EXERCISE DESCRIPTION = Your copy runs from the line containing "So here we have" through the last line of the listing, both included. Restate those lines word for word and leave out pictures.

SUPPLIED INFORMATION =

****************************************

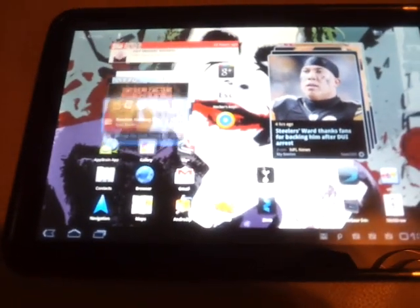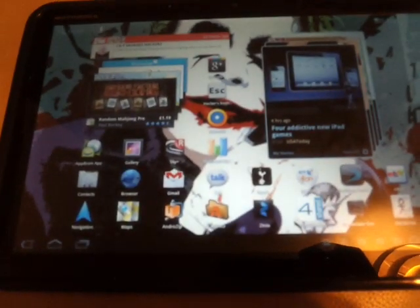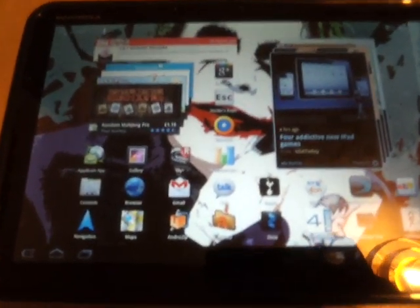Hi, just a quick video. I want to show you Honeycomb 3.2. I've just downloaded it over the air.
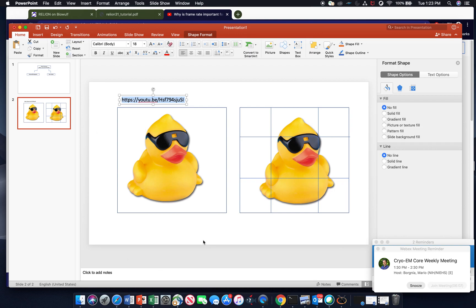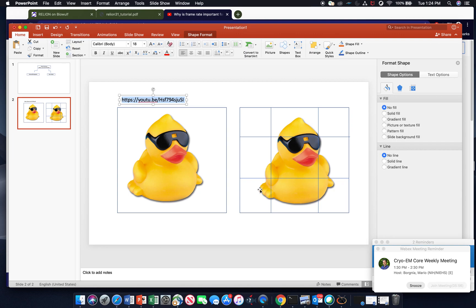So here we have a one by one tile in which this entire picture of a duck would be motion corrected as one large tile. And then this would be a three by three motion corrected image where each one of these individual tiles would be traced individually.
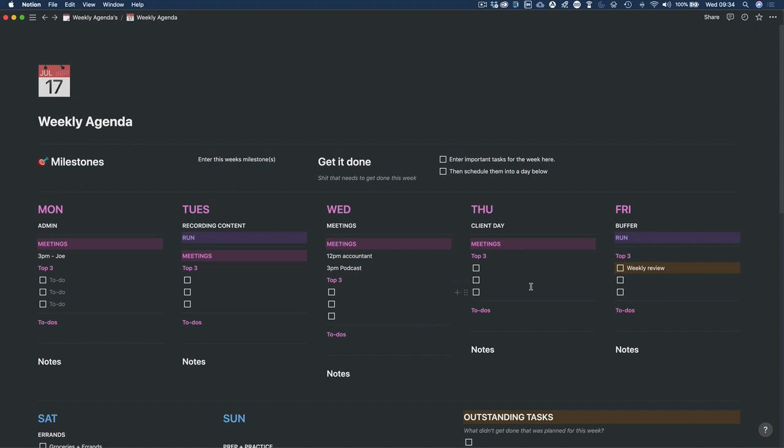I also work with quarterly goals and monthly goals. I take my quarterly goals, add them into the monthly goals section, and then add the monthly goals into the weekly template at the top so I know what I'm working on each week. If you want me to go into more detail about how I'm managing my time in Notion, just pop a comment below and I'd be happy to make more videos like this one.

****************************************

RESPONSE TO THE EXERCISE =
So here we have a one by one tile in which this entire picture of a duck would be motion corrected as one large tile. And then this would be a three by three motion corrected image where each one of these individual tiles would be traced individually.
I also work with quarterly goals and monthly goals. I take my quarterly goals, add them into the monthly goals section, and then add the monthly goals into the weekly template at the top so I know what I'm working on each week. If you want me to go into more detail about how I'm managing my time in Notion, just pop a comment below and I'd be happy to make more videos like this one.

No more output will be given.